The three-way alibi was Tina’s idea. Neither Tina nor Kirsty knew what Sam had been up to and at first he refused to say. They panicked out of fear that his tense relationship with Warren might make him a suspect. Only later did it strike Gail that, just as Tina had persuaded Sam to lie about his whereabouts, so she might have inveigled Kirsty into shielding her from a murder charge.

‘Gail sent us the note about Tina, didn’t she?’

‘Racing certainty,’ Hannah said. ‘Not that we can prove it.’

‘God, she’s a bitch.’

All of a sudden, and against all logic, Hannah felt sympathy stabbing at her.

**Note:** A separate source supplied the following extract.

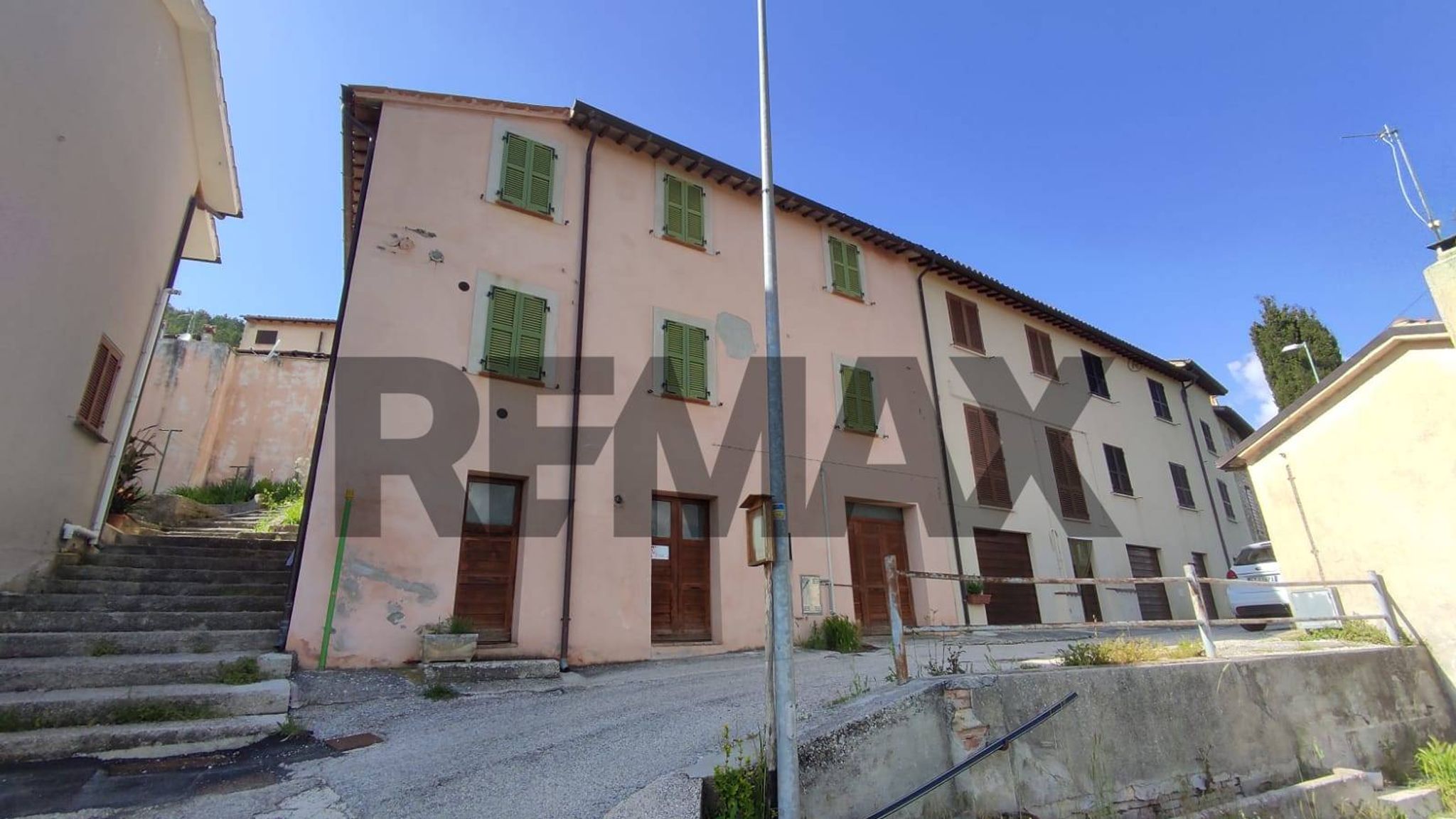 Immobile a Foligno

‘Yes,’ she said. ‘But a very unhappy bitch.’

Linz’s brow creased in disapproval — keen young DCs didn’t do sympathy. She’d learn. They drove on for a few minutes until Linz broke the silence.

‘On the radio this morning, the forecaster said that humidity levels have never been so high in this country. I’m sweating like a pig.’

‘They’ve promised a storm before the end of today.’

‘Can’t come a moment too soon, as far as I’m concerned. All right, ma’am, where do we go from here?’

‘To Old Sawrey. Time for another word with Tina Howe.’

‘Gail Flint? Gail Flint?

If Hannah had accused her son of having had his wicked way with the late Myra Hindley, Tina Howe might have been more relaxed. Gail Flint? This was sleeping with the enemy.

‘The bastard told me she was a tourist from Sweden. Just passing through on her way to Scotland, that’s why she wasn’t around to back up his story. And you’re telling me it was that hatchet-tongued lush! A natural blonde, he said!’